Given data START

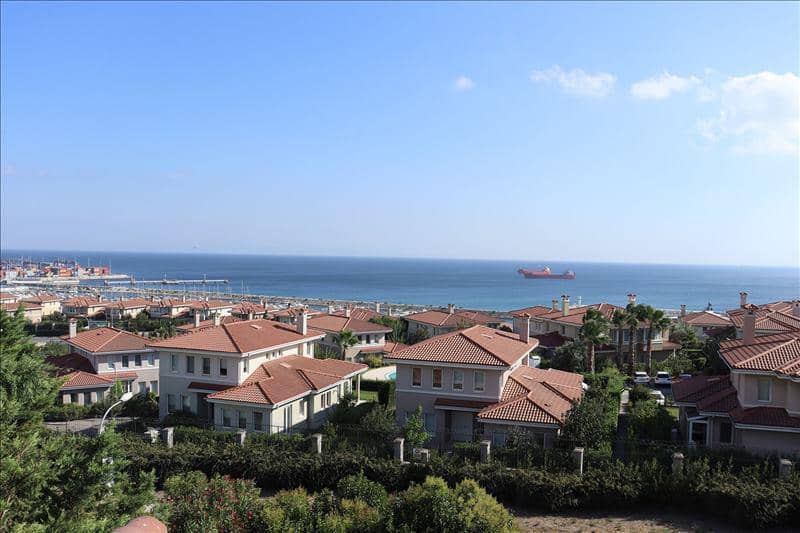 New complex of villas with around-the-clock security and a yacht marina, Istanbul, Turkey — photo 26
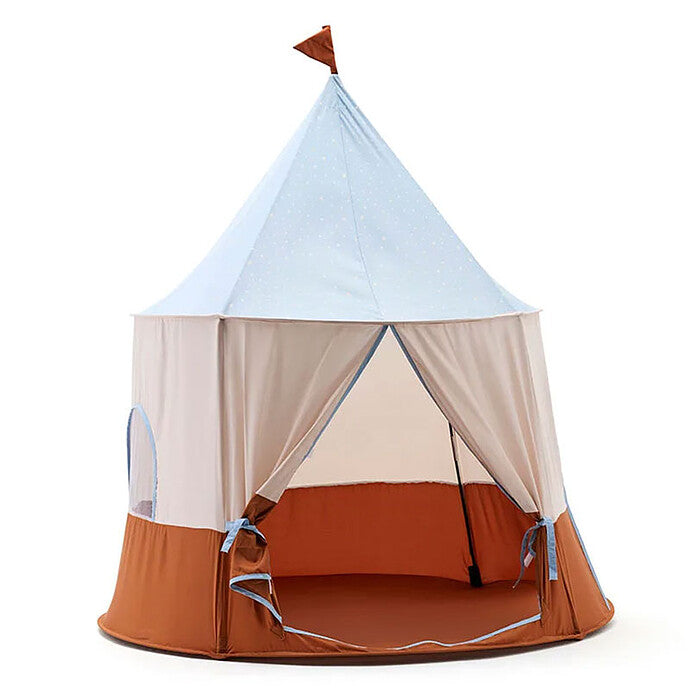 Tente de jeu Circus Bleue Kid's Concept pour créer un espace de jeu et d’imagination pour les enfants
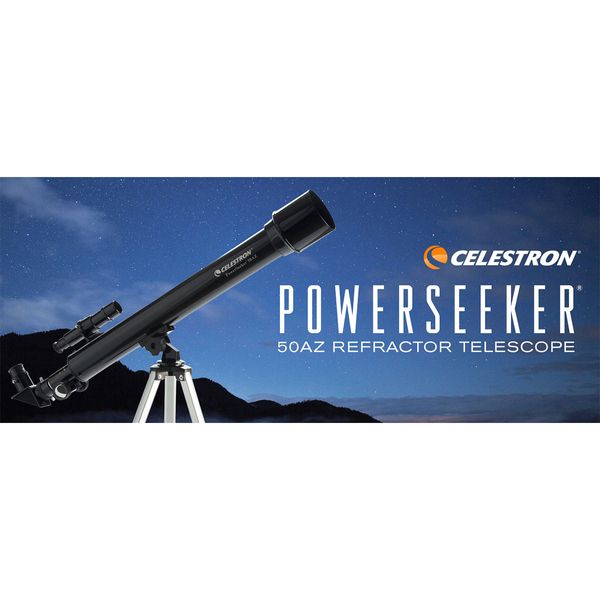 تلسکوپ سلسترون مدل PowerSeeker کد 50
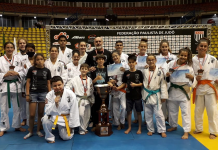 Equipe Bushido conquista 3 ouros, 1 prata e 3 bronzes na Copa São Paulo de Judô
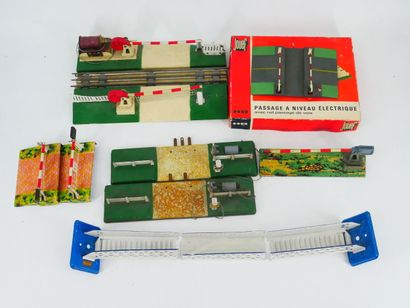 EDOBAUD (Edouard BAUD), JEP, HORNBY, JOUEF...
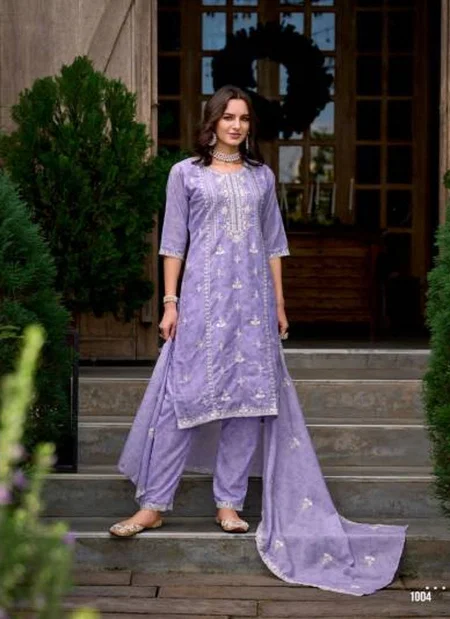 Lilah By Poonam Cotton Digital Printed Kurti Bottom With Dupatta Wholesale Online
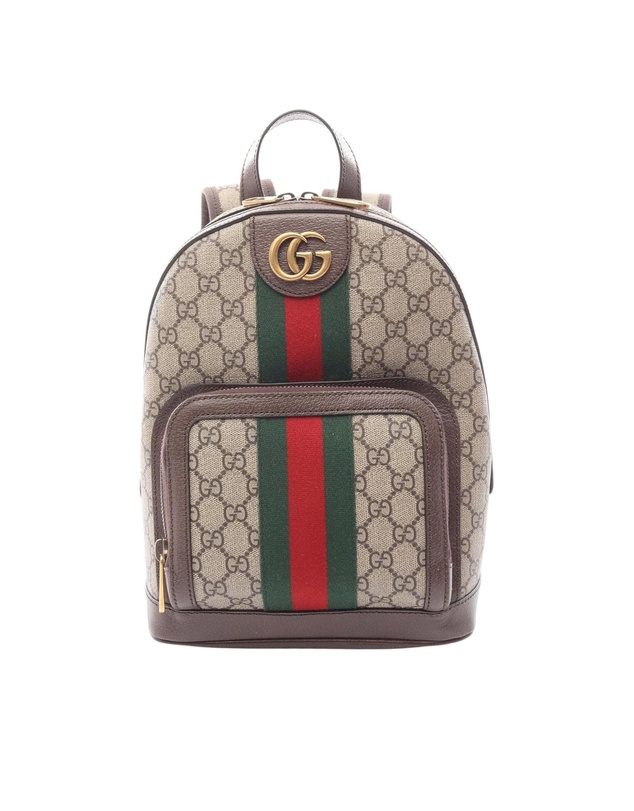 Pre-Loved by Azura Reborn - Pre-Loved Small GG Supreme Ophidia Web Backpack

Given data END
Given data START

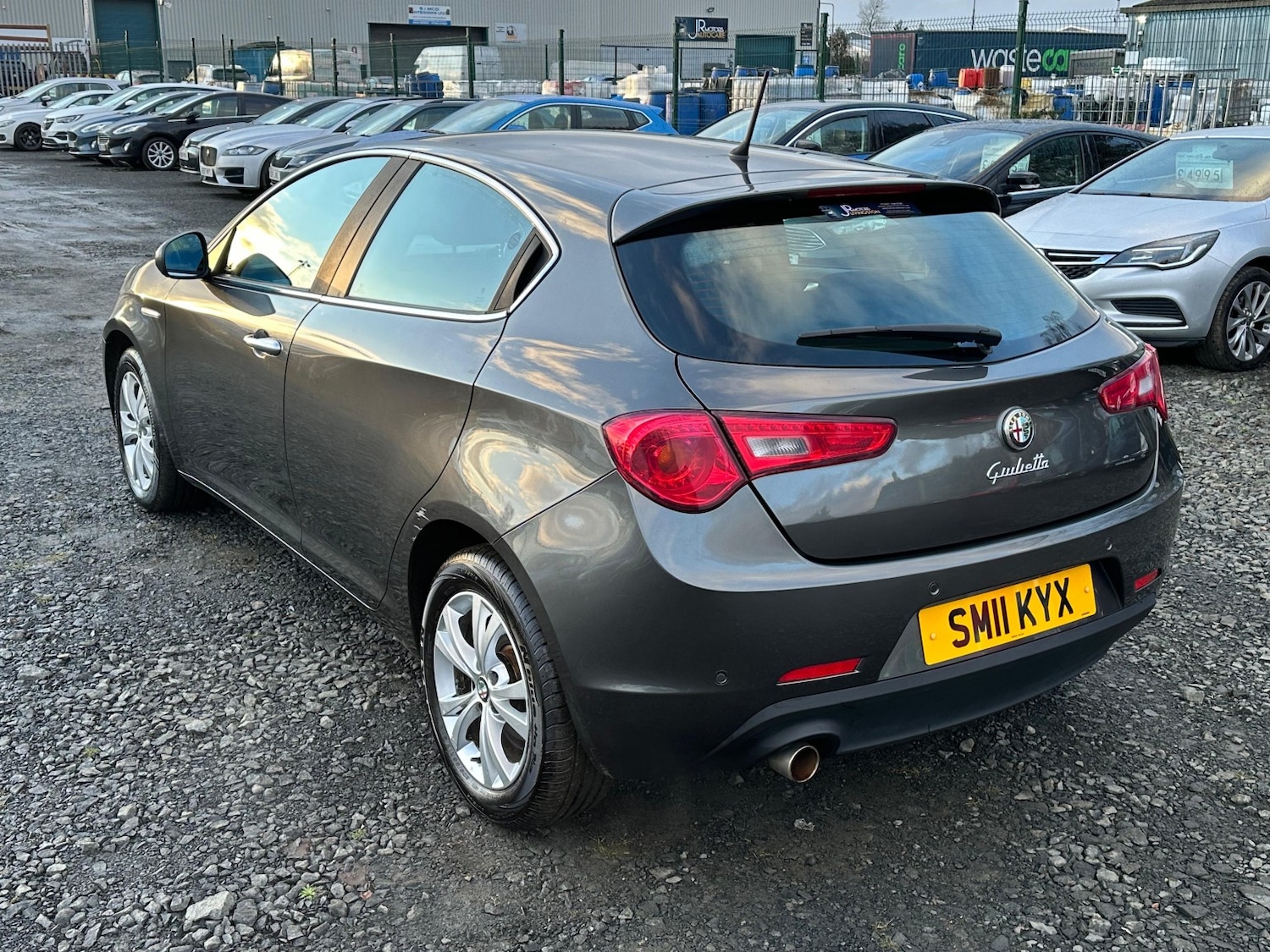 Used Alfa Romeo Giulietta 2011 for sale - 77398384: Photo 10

Given data END
Given data START

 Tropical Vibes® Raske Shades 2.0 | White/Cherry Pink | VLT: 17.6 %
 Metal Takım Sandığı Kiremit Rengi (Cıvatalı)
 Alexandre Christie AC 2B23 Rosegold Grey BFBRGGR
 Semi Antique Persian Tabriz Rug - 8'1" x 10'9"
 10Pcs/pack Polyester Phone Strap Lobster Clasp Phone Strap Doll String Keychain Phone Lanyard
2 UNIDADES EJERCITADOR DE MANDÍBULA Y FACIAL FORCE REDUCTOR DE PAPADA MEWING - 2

Given data END

## Try it
Range to print from the listing above: from the line with "EDOBAUD (Edouard BAUD), JEP, HORNBY, JOUEF..." up to and including the line with "Pre-Loved by Azura". Please print those lines exactly, with no pictures and nothing more.

## Written answer
 EDOBAUD (Edouard BAUD), JEP, HORNBY, JOUEF...
 Lilah By Poonam Cotton Digital Printed Kurti Bottom With Dupatta Wholesale Online
 Pre-Loved by Azura Reborn - Pre-Loved Small GG Supreme Ophidia Web Backpack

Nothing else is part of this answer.